Now, as important as the Gospel of John is to Christian theology, I don’t think we should underrate the importance of the synoptics; as I see it the four canonical Gospels all contain vital information, with each one having its own important perspective: for example, Luke plugs directly into Acts, providing a coherent narrative of the Apostolic ministry from its origins with the pregnancy of St. Mary and Elizabeth, the mother of St. John the Baptist, Matthew provides key details missing from Luke about the Nativity, and vice versa, and also contains the Beatitudes in their preferred form (there is of course the version in Luke, and I believe he preached both), and Mark stresses how our Lord sought to control the revelation of His divinity, and the extreme humility and humanity with which he compassionately cared for specific individuals, a somewhat more personal look at His ministry.
* Not to be confused with St. Epiphanios of Salami, which is an appropriate name for a blessed pizza one might look forward to eating after the end of Lent on Easter Sunday, St. Epiphanios of Salamis was a fourth century bishop who took the catalogue of heretical cults compiled by St. Irenaeus and greatly expanded it to include more recent heresies like Manichaenism, and of course, the most serious of the time, Arianism, in a book called the Panarion, which I would translate as “medicine case”, which was structured around the hilarious idea that each cult was like a venomous snake or spider or other nasty critter, and the thorough forensic demolitions he and/or St. Irenaeus, who he quoted extensively, wrote for each heretical cult’s belief systems, were the anti-venin or other appropriate medication. St. Irenaeus was also very amusing; in his second century classic Against All Heresies, he relentlessly mocked Valentinian Gnosticism by renaming the different aeons, or emanations of God, which seem quite a bit like deities in their own right, after various types of vegetables and melons. Just as Epiphanios quoted Irenaeus, St. John of Damascus in his eighth century classic The Fount of Knowledge includes the summaries of each heresy Epiphanios wrote to accompany his original polemics against Islam, Iconoclasm and certain other views he and the Eastern Orthodox deem to be heretical, some of which all other Christians would agree on, although I don’t recall him doing it with the same sardonic wit which characterized Irenaeus and Epiphanios.
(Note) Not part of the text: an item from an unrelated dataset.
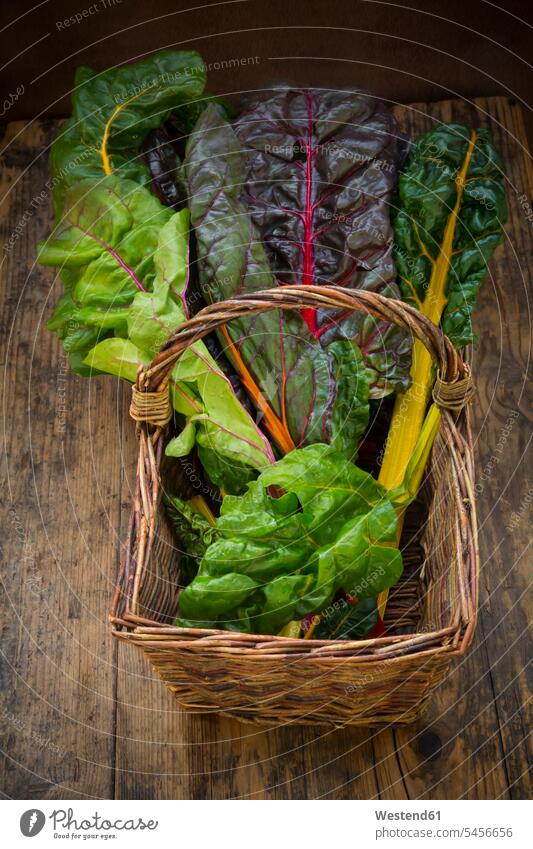 Bio-Mangold im Korb bio biologisch organisch Niemand geerntet Salatblatt Salatblaetter Salatblätter Weidenkorb Weidenkörbe Weidenkoerbe verschiedenfarbig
That said, The Fount of Knowledge is a superb work, including among other treasures the earliest work of systemic theology I am aware of, The Exact Exposition of the Orthodox Faith, which is so good, it makes me wonder why Thomas Aquinas, who I respect as an intellectual but do not venerate due to his support for the Inquisition, bothered to write the Summa Theologica (although the Summa is very interesting, as is John Calvin’s Institutes of the Christian Religion, and Protopresbyter Michael Pomazansky’s Orthodox Dogmatic Theology; indeed the only work of systematic theology I am thoroughly disinterested in is Karl Barth’s Church Dogmatics, because I disagree with much, perhaps most, of his theology, and it takes up ten massive volumes, and I just don’t have the time to read something on that scale which I don’t agree with).